I’m taking a class right now. It’s all online. It’s about mental health and building small tiny habits every day in the natural (eating healthier, exercising, rewiring negative thoughts into positive ones, etc.) and rebuilding my foundation in the supernatural (my faith in God) to help me with my mental health.
One of the videos from last week was about five steps to memorize to help me remember that I am unlearning many bad and negative things that have become my default habits. The last two steps are: 4. accept setbacks because that’s part of the process—a one step forward and two steps back kinda thing, look over my shoulder at every setback, say “Peace!” and then turn around and take the next step, and 5. have patience, it’s not an overnight thing, nothing is.
Sunday night before bed, after sharing with Ant my discouragement towards myself and how easily distracted I had become and how frustrated at myself I was, he encouraged me that it would take time to be the person I was trying to become. And I shared with him the five steps alluded to above and that his little pep talk and the five steps really just lined up.

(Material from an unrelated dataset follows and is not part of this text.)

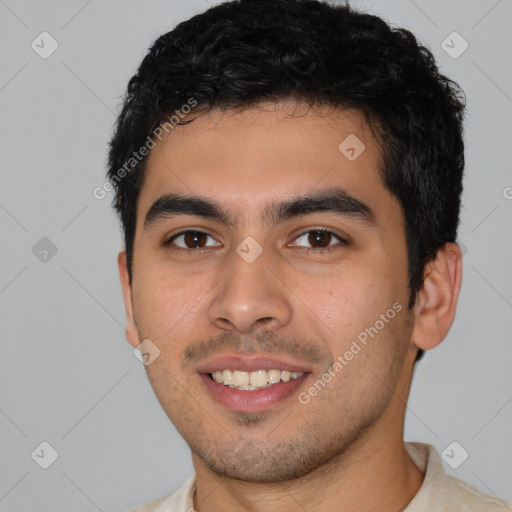 Joyful white young-adult male with short  black hair and brown eyes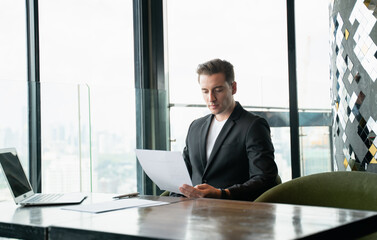 Fototapeta premium Confident business Man with smartphones in airline lounges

So next time, Tracy, instead of beating yourself up for not writing, how about you stop the negative thought, stop it by picking up a pen and notebook or open your laptop and write?
Talk about rewiring and retraining our brains from negative to positive.
So, here I am. On a Tuesday afternoon sitting in the middle of my newly-vacuumed living room writing the words I meant to write Sunday night.
I have just taken Yallwest notes. Since the event is now virtual I can attend. I wasn’t planning on attending this year because of a pre-planned #voylerwood vacation in September this year (which prayers and crossed fingers will still happen).
There are some exciting panels—two of them are about world-bulding and one is about mysteries and why we love them, another one is about the publishing world. I have no idea if some of these panels are what Yallwest had originally planned, but regardless—I’m excited that I get to hear these. I’m stoked to soak up authors’ knowledge and stories about these topics.
And in between panels that I’m not attending, I’ll be writing my own words. Story words, journal words, words to share here in this little hobbit hole of mine on the internet.
So, here’s to showing up and doing the work. The work that everyone doesn’t always see, that we may not always talk about.
Here’s to chasing our dreams during quarantine and remembering to give ourselves all the grace and patience to live and rest during this time as well.
What are some of the things you’re missing out on because of the quarantine? How are you getting creative to still be apart of the things that you love while we’re all social distancing and interacting via Zoom?